French Magazine's Prophet Mohammed Cartoons Draw Legal Complaint (Report)
A Syrian organization is going after satire magazine "Charlie Hebdo" as France temporarily closes some embassies in Muslim countries.
A French satire magazine that published cartoons of the Prophet Mohammed drew anger from Muslims earlier this week, and now it is facing possible legal fallout.
A Syrian organization has filed a legal complaint against the magazine, Charlie Hebdo, accusing it of inciting hatred, the BBC reported. Further details of the complaint weren't immediately clear. The report said prosecutors will evaluate if action should be taken against the magazine.
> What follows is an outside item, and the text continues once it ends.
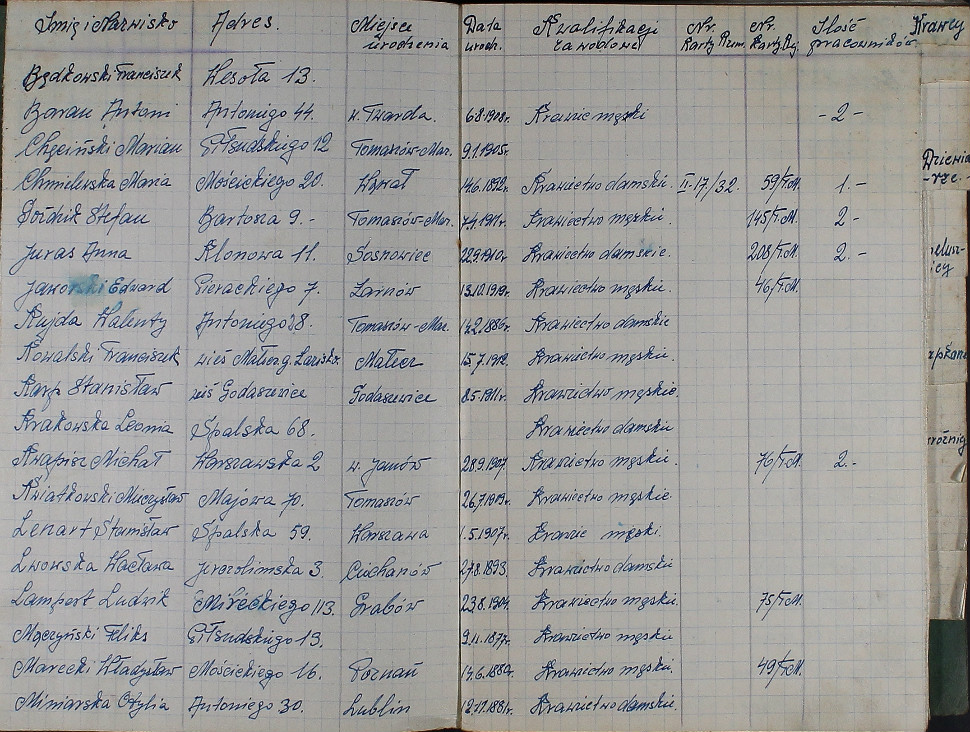 Rejestr Cechu Włókniarzy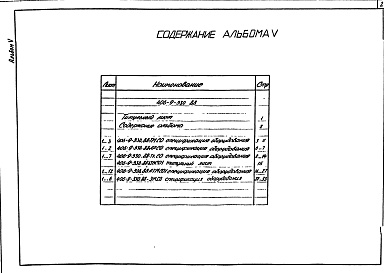 Состав фльбома. Типовой проект 406-9-330.88Альбом 5 Спецификации оборудования.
France is bracing for possible Friday protests and has announced the temporary closure of some embassies in select Muslim countries. Protests in Muslim countries often take place after the traditional Friday prayers.
The editor of the satire magazine, which was at he center of another controversy last year when it published an issue that it marketed as being "guest-edited" by the Prophet Mohammed, had said the cartoons would "shock those who will want to be shocked." Last year's issue led to an attack with firebombs on the offices of Charlie Hebdo in Paris.
The French cartoons don't only depict the Prophet Mohammed in some juicy situations. They are also a spoof on Intouchables, the hit movie that is France's candidate for the Oscar for best foreign language film. The film is a cross-culture comedy about a rich white man in a wheelchair and his ex-con black caretaker.
The Charlie Hebdo cartoons include a picture of Mohammed in a wheelchair with a rabbi under the headline "Intouchables 2," with Mohammed and the rabbi saying "You mustn't laugh."